# Crawled caption data:
⟨

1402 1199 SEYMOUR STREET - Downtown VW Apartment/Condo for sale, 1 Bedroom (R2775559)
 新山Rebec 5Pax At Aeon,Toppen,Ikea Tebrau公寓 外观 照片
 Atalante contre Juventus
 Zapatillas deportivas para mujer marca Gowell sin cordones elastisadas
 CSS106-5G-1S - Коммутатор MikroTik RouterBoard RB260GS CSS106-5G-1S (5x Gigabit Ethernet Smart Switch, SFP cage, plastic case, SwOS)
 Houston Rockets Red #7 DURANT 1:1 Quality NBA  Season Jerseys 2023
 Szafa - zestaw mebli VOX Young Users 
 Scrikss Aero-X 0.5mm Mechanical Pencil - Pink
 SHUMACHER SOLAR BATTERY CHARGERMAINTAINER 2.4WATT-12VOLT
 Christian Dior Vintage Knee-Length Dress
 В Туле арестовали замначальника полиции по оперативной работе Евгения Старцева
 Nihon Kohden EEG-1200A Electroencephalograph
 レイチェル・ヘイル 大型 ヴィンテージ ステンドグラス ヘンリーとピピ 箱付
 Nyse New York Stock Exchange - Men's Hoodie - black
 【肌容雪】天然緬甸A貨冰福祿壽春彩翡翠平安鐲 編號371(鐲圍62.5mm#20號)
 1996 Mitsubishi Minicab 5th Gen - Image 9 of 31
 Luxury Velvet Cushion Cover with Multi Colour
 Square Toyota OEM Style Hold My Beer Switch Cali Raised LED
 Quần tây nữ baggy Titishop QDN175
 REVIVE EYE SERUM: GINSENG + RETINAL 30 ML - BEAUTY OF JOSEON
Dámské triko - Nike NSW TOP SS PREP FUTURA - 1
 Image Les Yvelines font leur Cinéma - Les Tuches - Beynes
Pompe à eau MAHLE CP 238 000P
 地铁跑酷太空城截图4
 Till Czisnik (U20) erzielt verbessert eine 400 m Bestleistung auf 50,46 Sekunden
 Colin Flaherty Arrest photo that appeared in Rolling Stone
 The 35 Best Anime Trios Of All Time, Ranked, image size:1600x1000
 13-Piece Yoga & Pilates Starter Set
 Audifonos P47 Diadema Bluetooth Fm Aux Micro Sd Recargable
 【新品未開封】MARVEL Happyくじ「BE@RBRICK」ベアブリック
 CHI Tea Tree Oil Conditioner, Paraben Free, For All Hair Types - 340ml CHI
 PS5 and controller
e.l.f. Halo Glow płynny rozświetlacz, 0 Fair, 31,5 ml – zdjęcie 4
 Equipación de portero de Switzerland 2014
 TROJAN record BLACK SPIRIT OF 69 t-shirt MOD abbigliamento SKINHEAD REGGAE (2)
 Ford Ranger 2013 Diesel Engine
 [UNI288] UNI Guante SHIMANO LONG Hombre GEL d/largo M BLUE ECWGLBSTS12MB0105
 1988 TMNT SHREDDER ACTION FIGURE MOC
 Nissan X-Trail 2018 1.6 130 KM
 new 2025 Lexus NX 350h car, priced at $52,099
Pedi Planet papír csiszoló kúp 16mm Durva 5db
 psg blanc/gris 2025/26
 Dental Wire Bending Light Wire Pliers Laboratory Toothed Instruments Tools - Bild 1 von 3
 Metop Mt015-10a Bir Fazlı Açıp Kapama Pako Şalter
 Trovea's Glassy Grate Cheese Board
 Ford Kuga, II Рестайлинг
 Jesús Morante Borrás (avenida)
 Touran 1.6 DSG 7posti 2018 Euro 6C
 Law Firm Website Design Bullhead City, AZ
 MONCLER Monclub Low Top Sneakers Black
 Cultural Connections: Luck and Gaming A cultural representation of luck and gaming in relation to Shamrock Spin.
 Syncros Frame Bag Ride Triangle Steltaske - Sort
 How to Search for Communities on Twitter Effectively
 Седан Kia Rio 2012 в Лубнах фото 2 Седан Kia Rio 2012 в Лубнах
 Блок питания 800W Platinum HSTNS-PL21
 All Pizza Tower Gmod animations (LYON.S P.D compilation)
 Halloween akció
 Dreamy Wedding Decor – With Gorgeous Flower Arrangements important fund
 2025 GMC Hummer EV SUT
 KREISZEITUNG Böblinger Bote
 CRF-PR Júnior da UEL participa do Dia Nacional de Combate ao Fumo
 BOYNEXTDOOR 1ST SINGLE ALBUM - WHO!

⟩

# Work to complete:
Extract from the records above the lines from the one containing "Luxury Velvet Cushion" to the one containing "CHI Tea Tree", both lines included, exactly as they appear and with nothing else.

# Reply to the exercise:
 Luxury Velvet Cushion Cover with Multi Colour
 Square Toyota OEM Style Hold My Beer Switch Cali Raised LED
 Quần tây nữ baggy Titishop QDN175
 REVIVE EYE SERUM: GINSENG + RETINAL 30 ML - BEAUTY OF JOSEON
Dámské triko - Nike NSW TOP SS PREP FUTURA - 1
 Image Les Yvelines font leur Cinéma - Les Tuches - Beynes
Pompe à eau MAHLE CP 238 000P
 地铁跑酷太空城截图4
 Till Czisnik (U20) erzielt verbessert eine 400 m Bestleistung auf 50,46 Sekunden
 Colin Flaherty Arrest photo that appeared in Rolling Stone
 The 35 Best Anime Trios Of All Time, Ranked, image size:1600x1000
 13-Piece Yoga & Pilates Starter Set
 Audifonos P47 Diadema Bluetooth Fm Aux Micro Sd Recargable
 【新品未開封】MARVEL Happyくじ「BE@RBRICK」ベアブリック
 CHI Tea Tree Oil Conditioner, Paraben Free, For All Hair Types - 340ml CHI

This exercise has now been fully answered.